Their study, published in Nature Medicine, suggests that machine-learning models may use characteristics such as sex, age, and gender as shortcuts, resulting in biased predictions.

It offers new insights into how AI encodes demographics and the impact this has on fairness, particularly when models are applied outside the scenarios in which they were trained.

Ironically, those models most able to predict demographic information also did worst in accurately diagnosing images among particular demographic subgroups.

While the researchers were able to find ways around these issues, they found these were only effective when used in the patients who were similar to those in whom the models were trained on.

“I think the main takeaways are, first, you should thoroughly evaluate any external models on your own data because any fairness guarantees that model developers provide on their training data may not transfer to your population,” said co-lead researcher Haoran Zhang, a graduate student at MIT.

“Second, whenever sufficient data is available, you should train models on your own data.”

Up until May this year, the U.S. Food and Drug administration has approved 882 AI-enabled medical devices, 671 of which are designed to be used in radiology.

Recent studies have shown the surprising ability of deep-learning models to predict demographic information such as race, sex and age from medical images in a way that far exceeds that of radiologists.

To investigate the accuracy of these models, the researchers used publicly available chest X-ray datasets from Beth Israel Deaconess Medical Center in Boston to train models to predict whether patients had fluid buildup in the lungs, collapsed lungs, or enlargement of the heart.

The models were then tested on X-rays that were held out from the training data. While they performed well overall, most showed discrepancies in accuracy between men and women, and between Black and White patients.

There was a significant relationship between each model’s accuracy in making demographic predictions and the size of these “fairness gaps.” This indicated they might be using demographic categories as a shortcut to make disease predictions.
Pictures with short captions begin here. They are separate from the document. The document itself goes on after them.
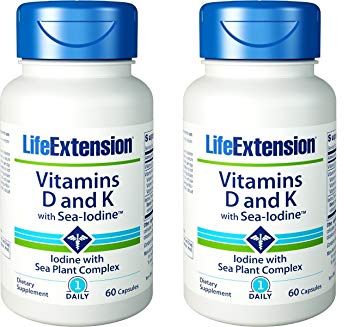 Life Extension Vitamins D and K with Sea-iodine,60 Capsules (2 Pack)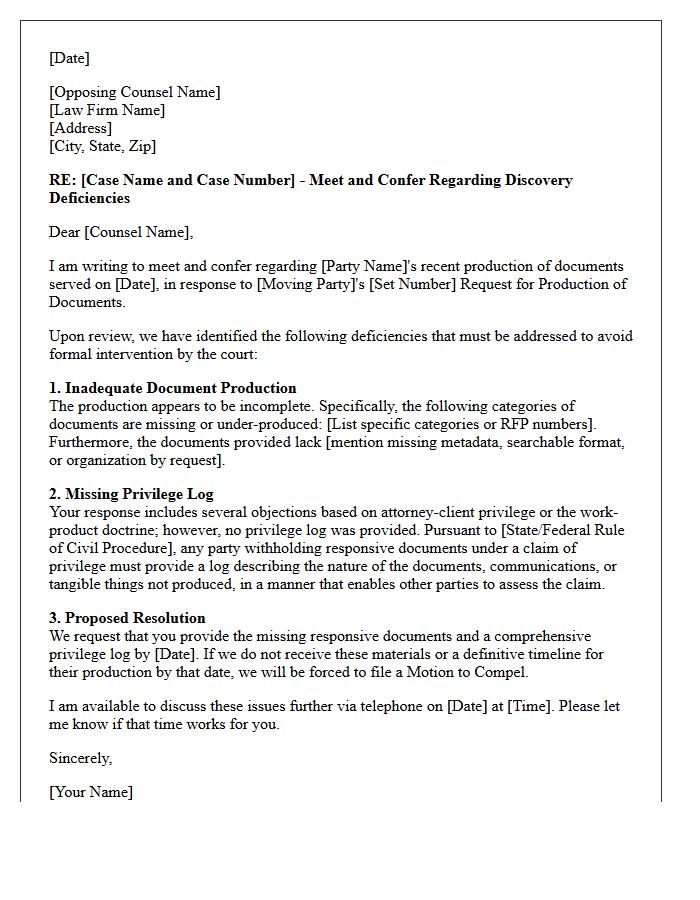Meet and Confer Letter Regarding Inadequate Document Production and Missing Privilege Logs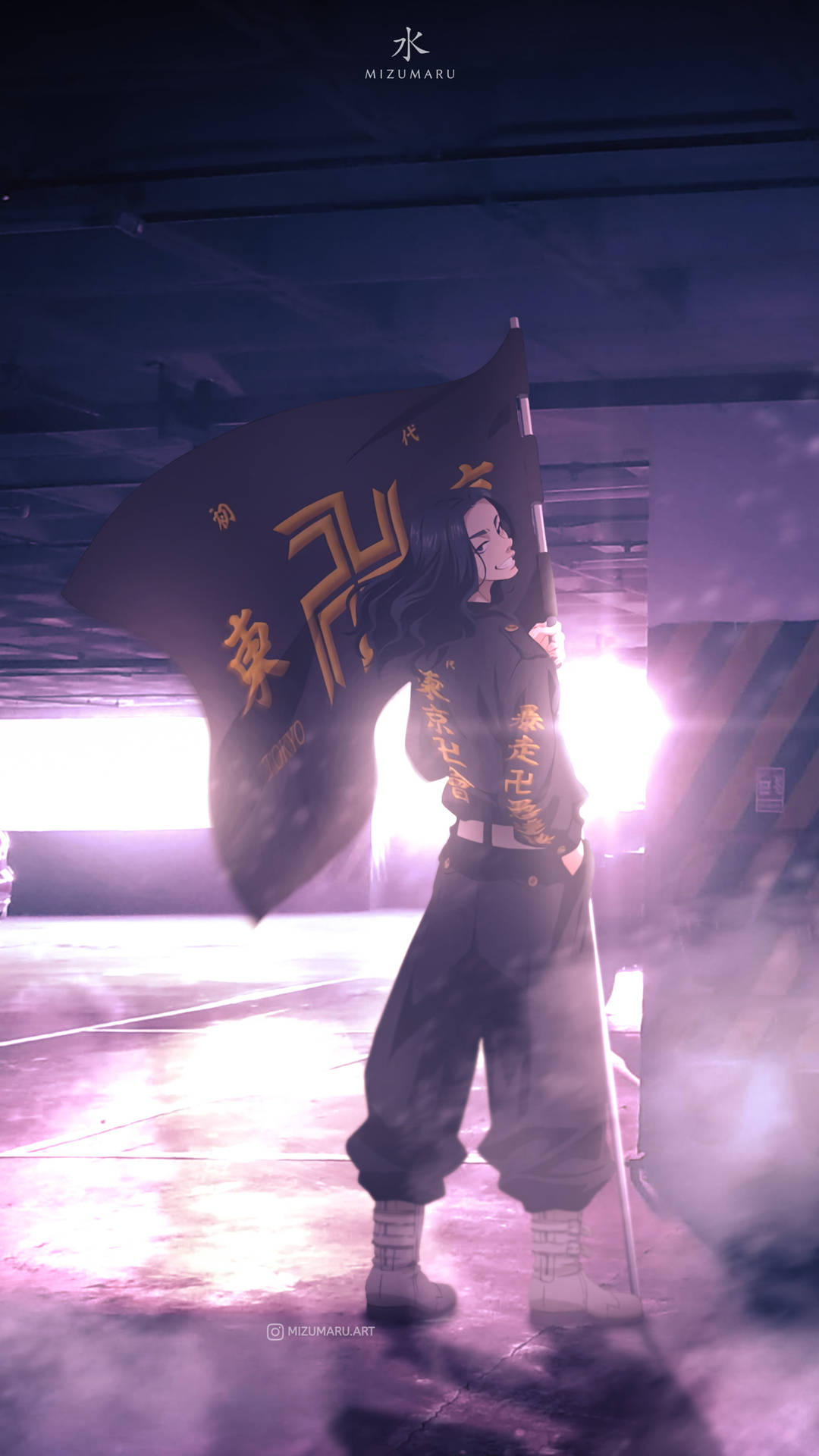 Baji Tokyo Revengers Holding Flag Background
The team then used state-of-the-art methods to remove these shortcuts to create “locally optimal” models that were also fair. Models were trained to be rewarded when they worked better in the worst-performing groups and penalized for high-error groups.

This “subgroup robustness” method forced models to be sensitive to poor predictions in a specific group. The researchers also forced the models to remove any demographic information from images, in a method that used “group adversarial” approaches and tried to remove group information completely.

While these methods generally worked well, it was only for similar scenarios in which the models were created such as the dataset from Beth Israel Deaconess Medical Center.

When “debiased” data was tested on patient information from five other hospitals, the accuracy of the models remained high but large fairness gaps could be seen. This challenges the popular opinion of a single, fair model across different settings.

The authors note that some demographic information can be a direct causal factor for some diseases, such as sex in breast cancer. Here, it would not be desirable to remove all reliance on demographics but instead match the reliance of the model on the demographic attribute to its true causal effect.

Senior author Marzyeh Ghassemi, PhD, an associate professor of electrical engineering and computer science at MIT, acknowledged that many popular machine-learning model had superhuman capacity in predicting demographics.

“These are models that are good at predicting disease, but during training are learning to predict other things that may not be desirable,” she said.